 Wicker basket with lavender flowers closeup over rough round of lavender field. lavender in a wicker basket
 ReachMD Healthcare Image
---
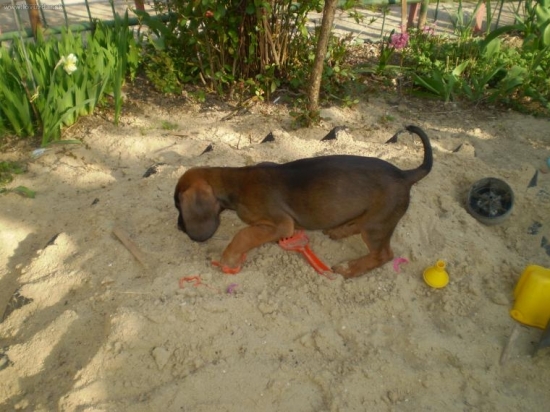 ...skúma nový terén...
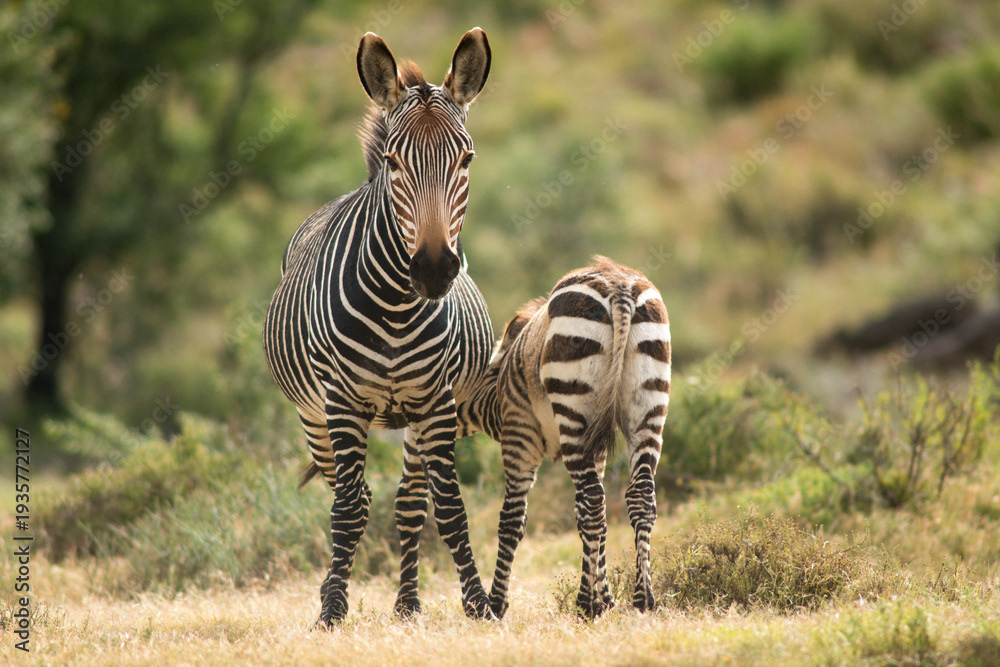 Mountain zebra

**WHAT TO PRODUCE**
Using the listing above, copy exactly the line that contains "Wicker basket with", the line that contains "ReachMD Healthcare Image", and each line that falls between them.

**PROBLEM SOLUTION**
 Wicker basket with lavender flowers closeup over rough round of lavender field. lavender in a wicker basket
 ReachMD Healthcare Image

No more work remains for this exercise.